Specifically, under the ACA with current Medicaid expansions, American Indians and Alaska Natives are predicted to experience a decrease in uninsurance rates from 25.7 percent to 13 percent (a nearly 50 percent reduction with 600,000 people gaining insurance coverage). Hispanics are projected to experience a decrease in uninsurance rates from 31.2 percent to 19 percent (a more than 39 percent reduction with 6.6 million people gaining coverage). In addition, uninsurance among whites would decrease more than 51 percent, from just more than 13 percent without the ACA to 6.3 percent under the ACA and current Medicaid expansions — overall, 11.1 million whites would gain coverage. Not surprisingly, if legislatures in all states decided to expand Medicaid eligibility, gains in coverage as well as declines in insurance disparities between whites and blacks are predicted.

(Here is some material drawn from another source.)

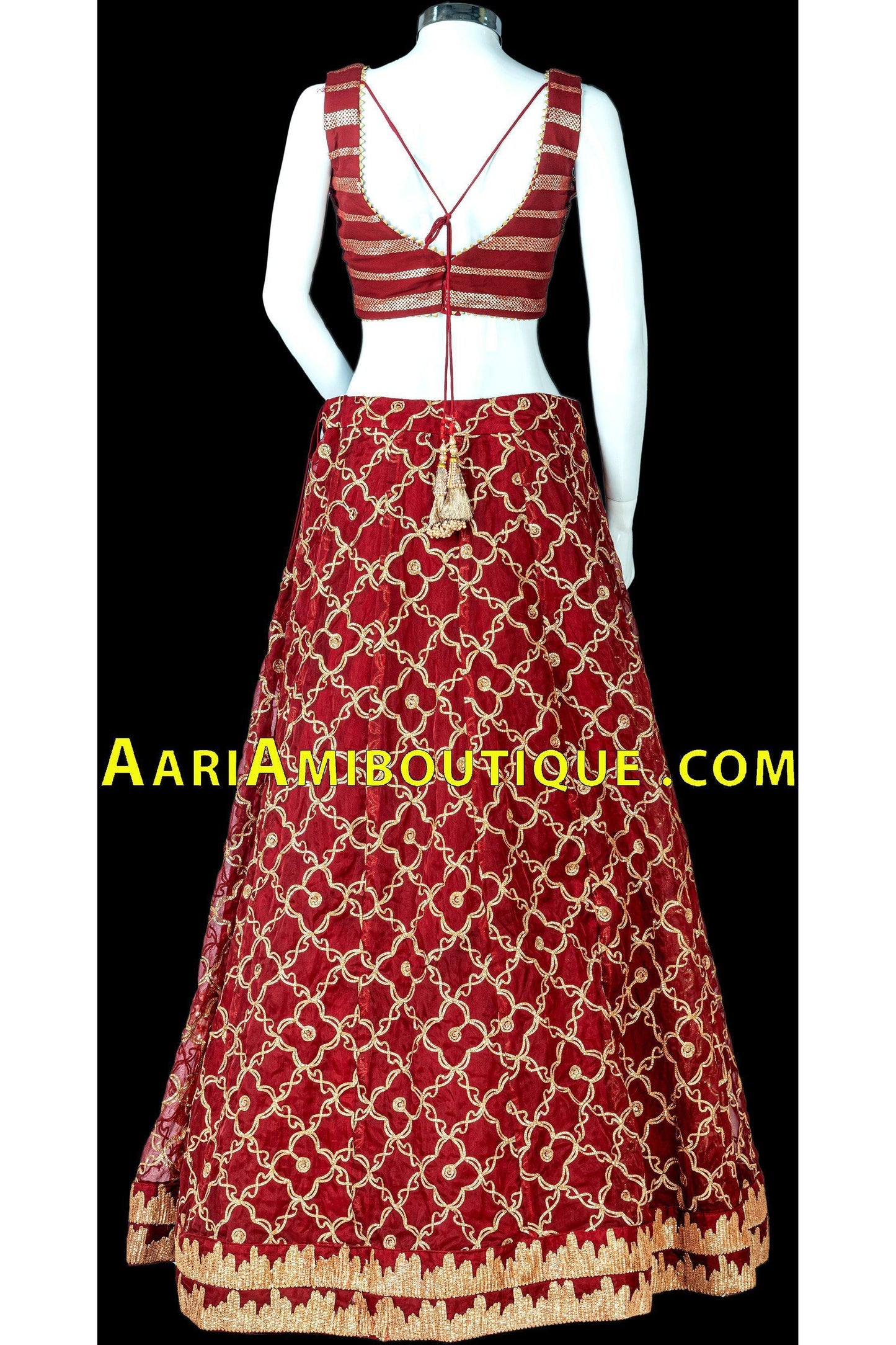 Maroon and Gold Gotawork Lehenga Set-AariAmi Boutique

The report predicts that if all states were to expand Medicaid, uninsurance rates among blacks would decline from 11.3 percent (the rate under the current Medicaid map) to 7.2 percent (the rate under a fully expanded Medicaid map). Today, 1.4 million blacks fall into the ACA coverage gap, which translates into just more than 23 percent of the nation’s uninsured black adult population, the report stated. In addition, if all states expanded Medicaid under the ACA, nearly 14 million whites would gain coverage (a nearly 65 percent reduction in the uninsured rate); 7.8 million Hispanics would gain coverage (a nearly 47 percent reduction); 4.3 million blacks would gain coverage (a more than 63 percent reduction); 1.4 million Asians and Pacific Islanders would get insurance (a more than 53 percent reduction); and 787,000 Americans Indians and Alaska Natives would gain coverage (a more than 61 percent reduction).

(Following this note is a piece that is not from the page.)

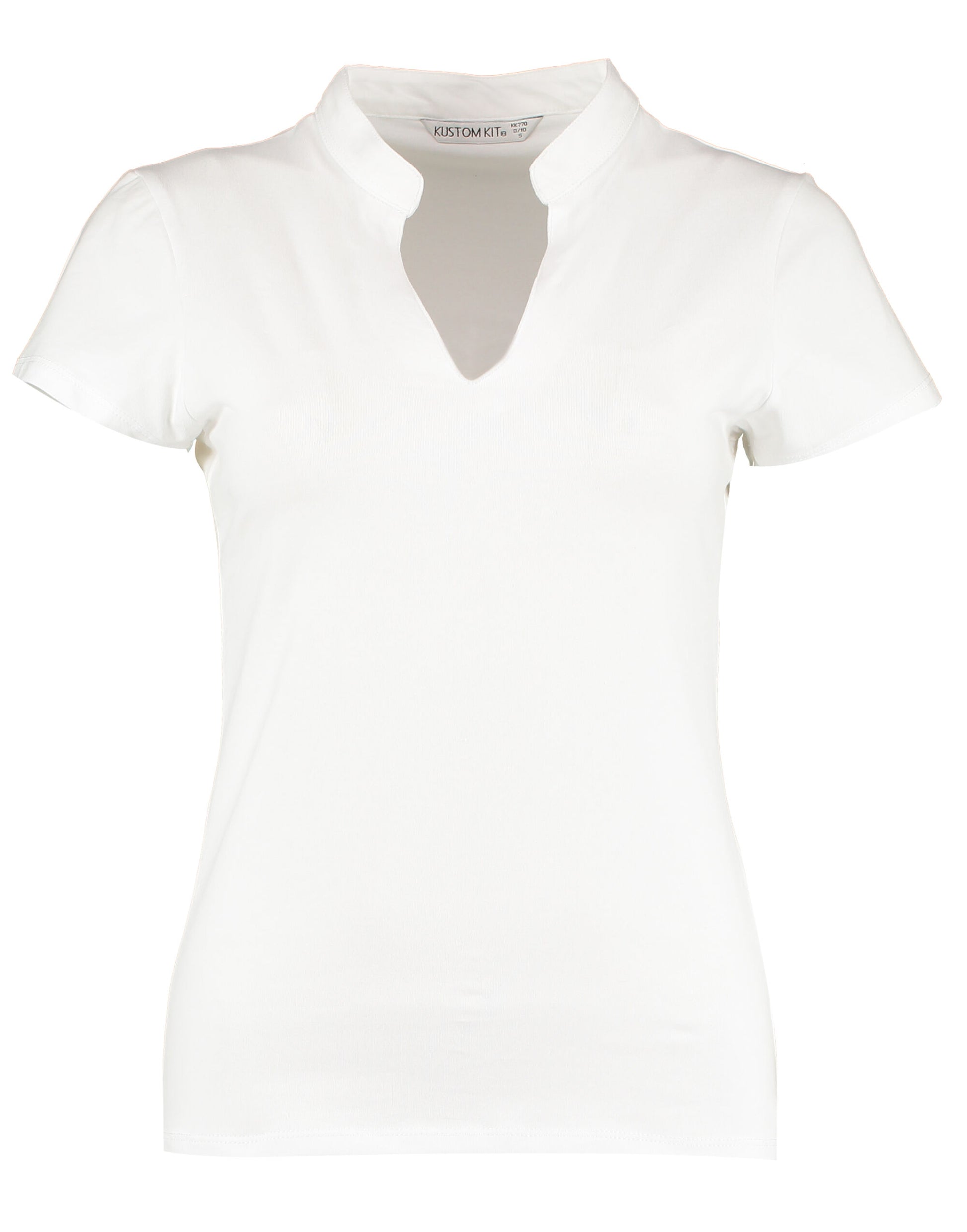 Regular Fit Short Sleeve Mandarin Colar Top - White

But like the authors said above, place matters when it comes to insurance coverage. For example, the authors wrote in a blog article that in St. Louis, just more than 20 percent of black residents are predicted to go without insurance without the ACA — a rate that falls to 14.8 percent under the ACA with current Medicaid expansion and to 7.5 percent if Missouri lawmakers expanded Medicaid eligibility. In comparison, in the St. Louis area that falls within the Illinois state line, only 5.3 percent of black residents are predicted to remain without health insurance under ACA and the state’s decision to expand Medicaid.